[Source records]

....................

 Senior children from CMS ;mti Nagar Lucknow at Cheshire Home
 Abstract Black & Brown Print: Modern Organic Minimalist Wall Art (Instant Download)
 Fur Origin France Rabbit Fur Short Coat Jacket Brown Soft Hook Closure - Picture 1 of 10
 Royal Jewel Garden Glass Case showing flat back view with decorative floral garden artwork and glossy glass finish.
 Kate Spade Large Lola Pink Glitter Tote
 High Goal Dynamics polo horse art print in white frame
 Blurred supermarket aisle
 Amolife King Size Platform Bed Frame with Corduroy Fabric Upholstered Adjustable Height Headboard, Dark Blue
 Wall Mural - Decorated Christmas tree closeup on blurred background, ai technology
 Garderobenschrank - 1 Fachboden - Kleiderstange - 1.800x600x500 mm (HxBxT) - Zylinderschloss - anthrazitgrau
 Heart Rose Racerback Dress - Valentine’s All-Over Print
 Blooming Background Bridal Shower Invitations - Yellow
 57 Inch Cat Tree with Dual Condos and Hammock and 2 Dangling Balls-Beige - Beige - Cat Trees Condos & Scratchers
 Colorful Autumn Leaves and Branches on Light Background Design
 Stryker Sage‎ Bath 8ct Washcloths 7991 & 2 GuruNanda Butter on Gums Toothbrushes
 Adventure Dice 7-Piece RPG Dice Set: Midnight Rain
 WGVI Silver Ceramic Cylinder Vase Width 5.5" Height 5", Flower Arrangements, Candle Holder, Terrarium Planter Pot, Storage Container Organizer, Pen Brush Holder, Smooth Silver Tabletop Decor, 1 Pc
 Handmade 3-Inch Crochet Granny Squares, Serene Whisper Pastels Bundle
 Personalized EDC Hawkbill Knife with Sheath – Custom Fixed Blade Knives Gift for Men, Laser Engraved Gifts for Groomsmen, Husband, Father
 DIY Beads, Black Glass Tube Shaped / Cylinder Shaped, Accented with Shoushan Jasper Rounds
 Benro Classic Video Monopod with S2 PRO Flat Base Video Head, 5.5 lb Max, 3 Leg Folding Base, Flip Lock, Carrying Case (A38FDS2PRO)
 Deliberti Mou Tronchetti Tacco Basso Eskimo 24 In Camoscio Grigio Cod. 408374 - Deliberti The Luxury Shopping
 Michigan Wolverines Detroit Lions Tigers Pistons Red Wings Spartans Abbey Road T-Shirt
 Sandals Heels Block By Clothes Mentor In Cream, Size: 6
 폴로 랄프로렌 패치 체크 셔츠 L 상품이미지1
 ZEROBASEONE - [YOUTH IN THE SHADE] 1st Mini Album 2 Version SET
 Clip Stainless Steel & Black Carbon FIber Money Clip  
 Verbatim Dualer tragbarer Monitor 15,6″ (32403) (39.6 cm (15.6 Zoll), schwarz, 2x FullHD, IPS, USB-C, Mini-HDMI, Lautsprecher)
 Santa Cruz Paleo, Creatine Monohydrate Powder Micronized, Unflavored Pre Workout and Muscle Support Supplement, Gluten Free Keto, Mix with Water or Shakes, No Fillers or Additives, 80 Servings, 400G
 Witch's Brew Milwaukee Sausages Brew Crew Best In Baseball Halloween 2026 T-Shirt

....................

What the task asks: Without changing a word, print all of the entries above.

Exercise solution:
 Senior children from CMS ;mti Nagar Lucknow at Cheshire Home
 Abstract Black & Brown Print: Modern Organic Minimalist Wall Art (Instant Download)
 Fur Origin France Rabbit Fur Short Coat Jacket Brown Soft Hook Closure - Picture 1 of 10
 Royal Jewel Garden Glass Case showing flat back view with decorative floral garden artwork and glossy glass finish.
 Kate Spade Large Lola Pink Glitter Tote
 High Goal Dynamics polo horse art print in white frame
 Blurred supermarket aisle
 Amolife King Size Platform Bed Frame with Corduroy Fabric Upholstered Adjustable Height Headboard, Dark Blue
 Wall Mural - Decorated Christmas tree closeup on blurred background, ai technology
 Garderobenschrank - 1 Fachboden - Kleiderstange - 1.800x600x500 mm (HxBxT) - Zylinderschloss - anthrazitgrau
 Heart Rose Racerback Dress - Valentine’s All-Over Print
 Blooming Background Bridal Shower Invitations - Yellow
 57 Inch Cat Tree with Dual Condos and Hammock and 2 Dangling Balls-Beige - Beige - Cat Trees Condos & Scratchers
 Colorful Autumn Leaves and Branches on Light Background Design
 Stryker Sage‎ Bath 8ct Washcloths 7991 & 2 GuruNanda Butter on Gums Toothbrushes
 Adventure Dice 7-Piece RPG Dice Set: Midnight Rain
 WGVI Silver Ceramic Cylinder Vase Width 5.5" Height 5", Flower Arrangements, Candle Holder, Terrarium Planter Pot, Storage Container Organizer, Pen Brush Holder, Smooth Silver Tabletop Decor, 1 Pc
 Handmade 3-Inch Crochet Granny Squares, Serene Whisper Pastels Bundle
 Personalized EDC Hawkbill Knife with Sheath – Custom Fixed Blade Knives Gift for Men, Laser Engraved Gifts for Groomsmen, Husband, Father
 DIY Beads, Black Glass Tube Shaped / Cylinder Shaped, Accented with Shoushan Jasper Rounds
 Benro Classic Video Monopod with S2 PRO Flat Base Video Head, 5.5 lb Max, 3 Leg Folding Base, Flip Lock, Carrying Case (A38FDS2PRO)
 Deliberti Mou Tronchetti Tacco Basso Eskimo 24 In Camoscio Grigio Cod. 408374 - Deliberti The Luxury Shopping
 Michigan Wolverines Detroit Lions Tigers Pistons Red Wings Spartans Abbey Road T-Shirt
 Sandals Heels Block By Clothes Mentor In Cream, Size: 6
 폴로 랄프로렌 패치 체크 셔츠 L 상품이미지1
 ZEROBASEONE - [YOUTH IN THE SHADE] 1st Mini Album 2 Version SET
 Clip Stainless Steel & Black Carbon FIber Money Clip  
 Verbatim Dualer tragbarer Monitor 15,6″ (32403) (39.6 cm (15.6 Zoll), schwarz, 2x FullHD, IPS, USB-C, Mini-HDMI, Lautsprecher)
 Santa Cruz Paleo, Creatine Monohydrate Powder Micronized, Unflavored Pre Workout and Muscle Support Supplement, Gluten Free Keto, Mix with Water or Shakes, No Fillers or Additives, 80 Servings, 400G
 Witch's Brew Milwaukee Sausages Brew Crew Best In Baseball Halloween 2026 T-Shirt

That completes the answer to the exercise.